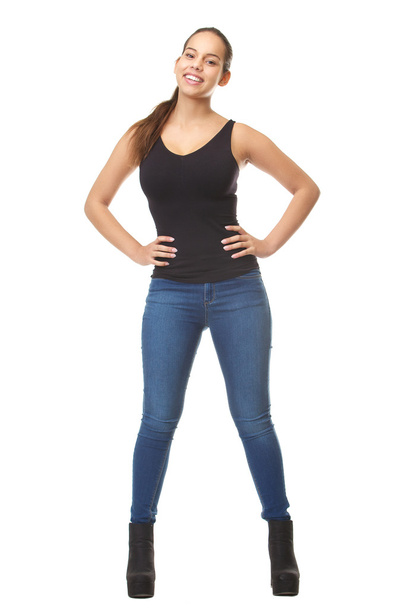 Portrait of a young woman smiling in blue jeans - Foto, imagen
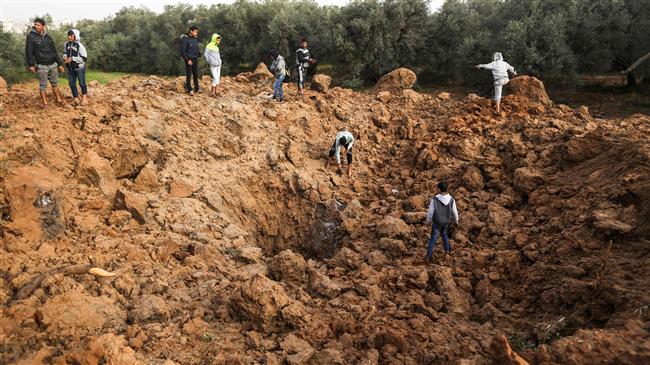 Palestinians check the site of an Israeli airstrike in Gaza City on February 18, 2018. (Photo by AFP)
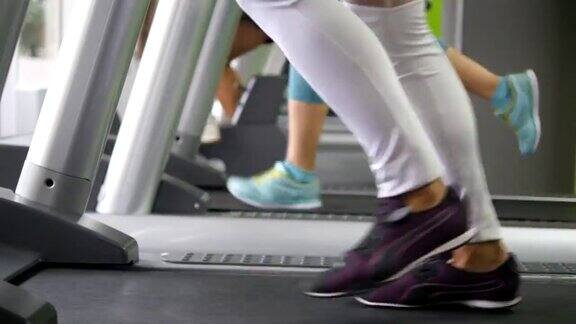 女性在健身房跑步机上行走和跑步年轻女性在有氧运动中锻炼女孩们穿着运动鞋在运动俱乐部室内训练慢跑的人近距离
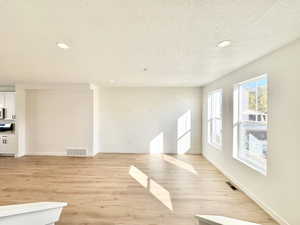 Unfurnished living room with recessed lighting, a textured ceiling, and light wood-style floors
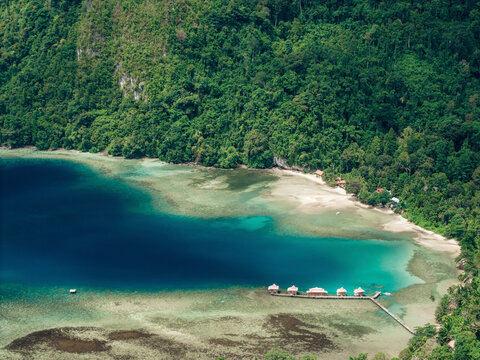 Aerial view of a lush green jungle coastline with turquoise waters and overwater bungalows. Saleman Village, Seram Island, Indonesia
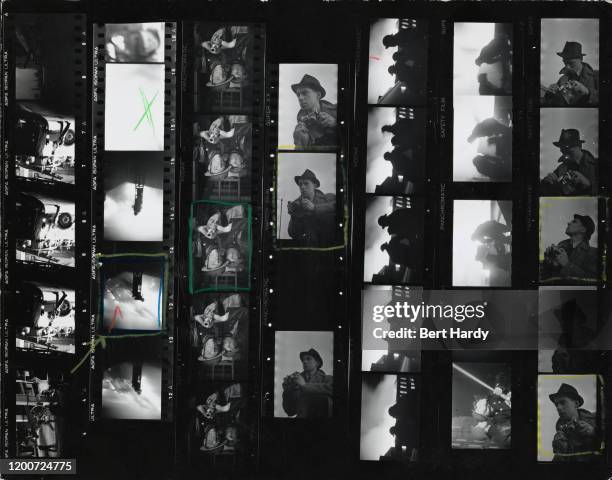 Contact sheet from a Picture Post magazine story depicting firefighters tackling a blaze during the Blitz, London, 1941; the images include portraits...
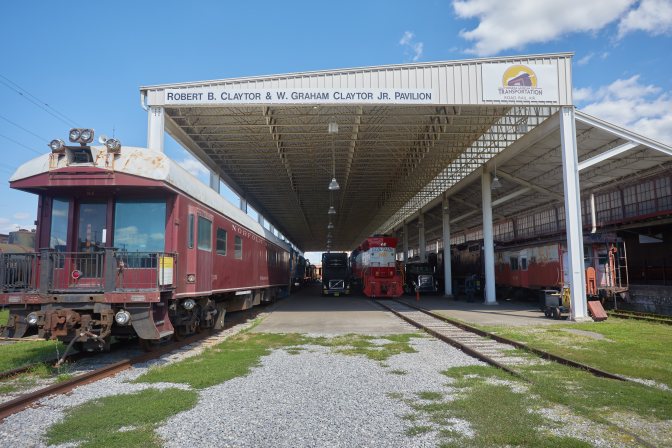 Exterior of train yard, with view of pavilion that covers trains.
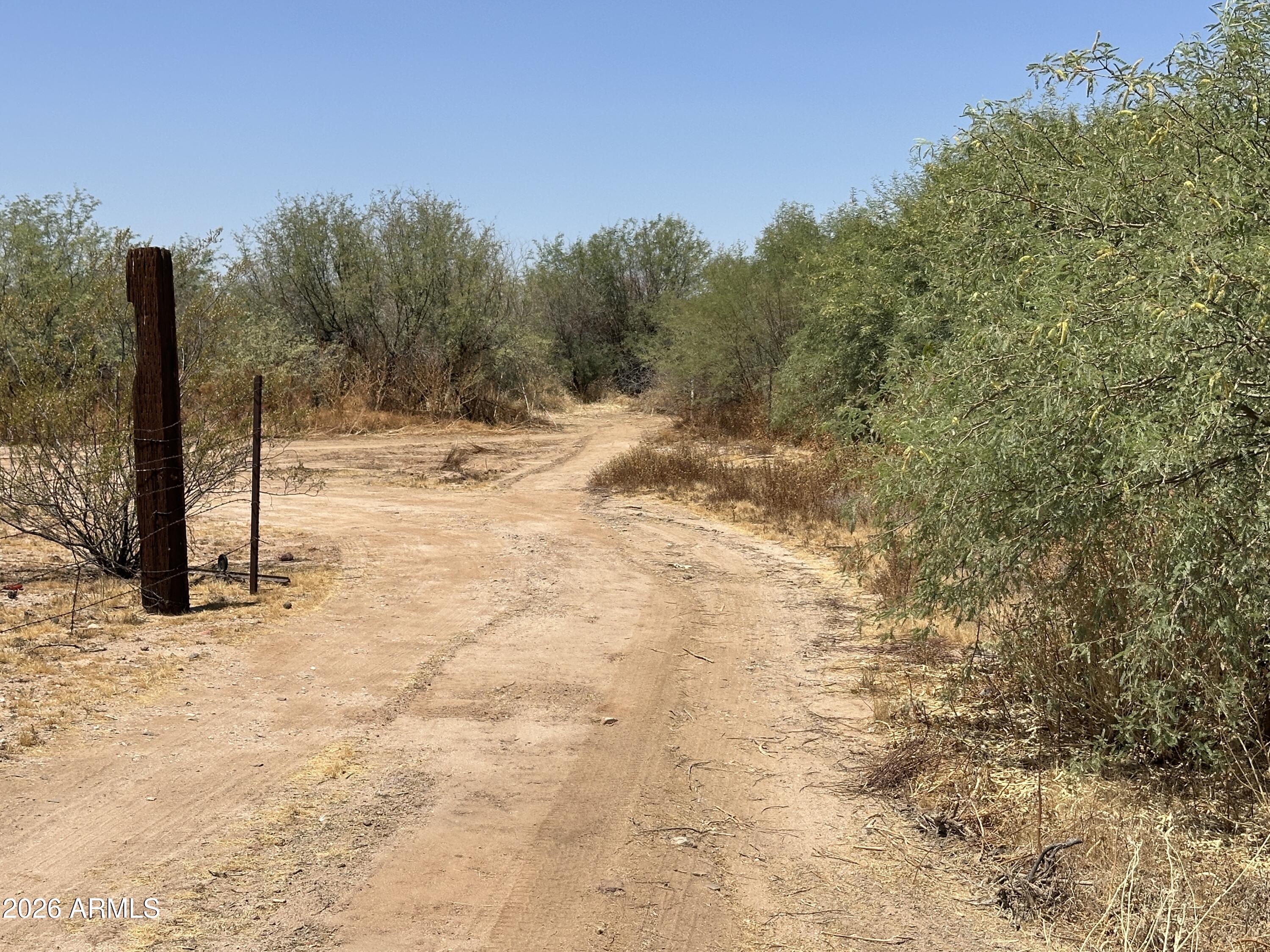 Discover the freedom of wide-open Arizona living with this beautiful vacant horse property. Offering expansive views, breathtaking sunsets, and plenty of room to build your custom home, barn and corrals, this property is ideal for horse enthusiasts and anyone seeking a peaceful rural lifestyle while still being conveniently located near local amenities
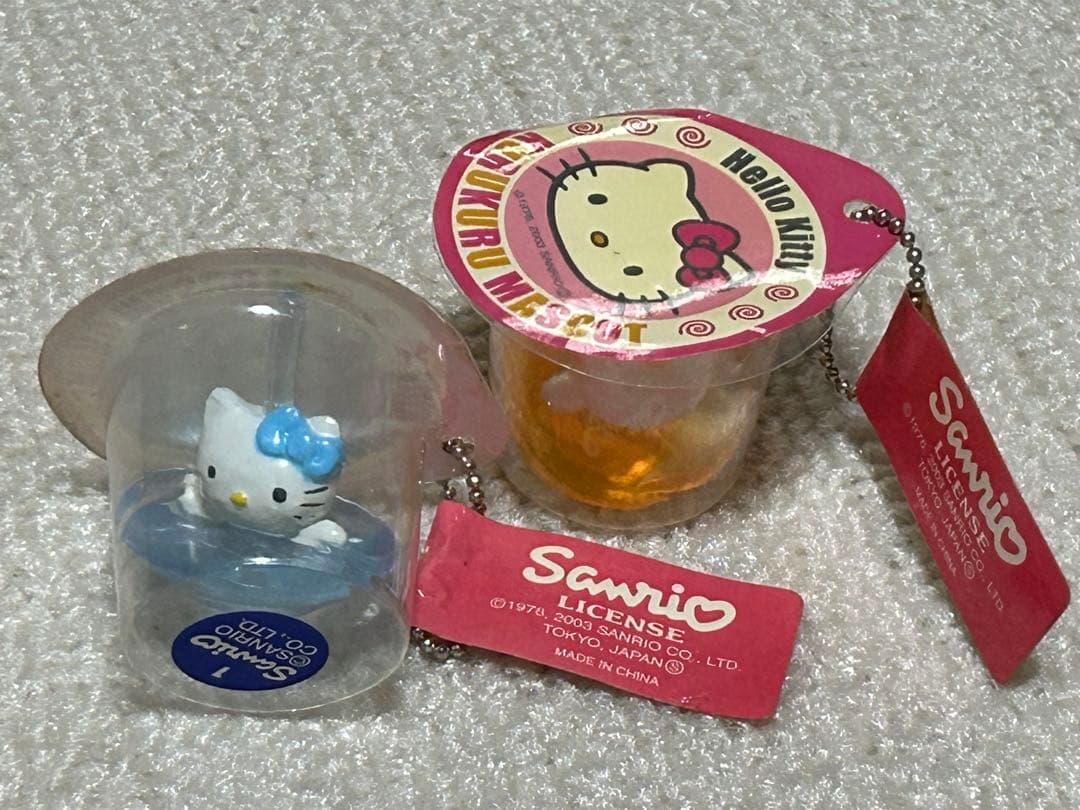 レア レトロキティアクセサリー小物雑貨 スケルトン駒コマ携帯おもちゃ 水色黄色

_ _ _ _

Leave the pictures out and reproduce exactly the lines from the line with "Discover the freedom" to the end of the material above.

 Discover the freedom of wide-open Arizona living with this beautiful vacant horse property. Offering expansive views, breathtaking sunsets, and plenty of room to build your custom home, barn and corrals, this property is ideal for horse enthusiasts and anyone seeking a peaceful rural lifestyle while still being conveniently located near local amenities
 レア レトロキティアクセサリー小物雑貨 スケルトン駒コマ携帯おもちゃ 水色黄色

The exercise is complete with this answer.